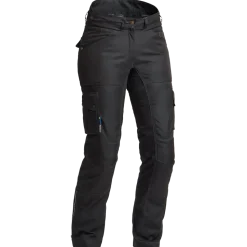 Lindstrands Zion Lady Svart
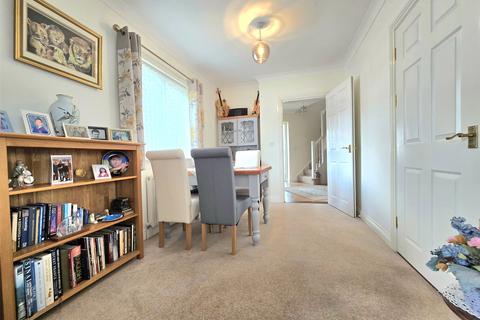 3 bedroom bungalow for sale, Littlebridge Meadow, Bridgerule, Holsworthy, EX22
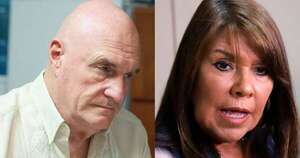 La Nación / Kobylanski acusa a Celeste Amarilla de calumniarlo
═══
-- TASK INSTRUCTIONS --
The copy runs from the line containing "3 bedroom bungalow" through the last line of the material, both ends included. Reproduce those lines exactly and drop the pictures.

-- WRITTEN REPLY --
 3 bedroom bungalow for sale, Littlebridge Meadow, Bridgerule, Holsworthy, EX22
 La Nación / Kobylanski acusa a Celeste Amarilla de calumniarlo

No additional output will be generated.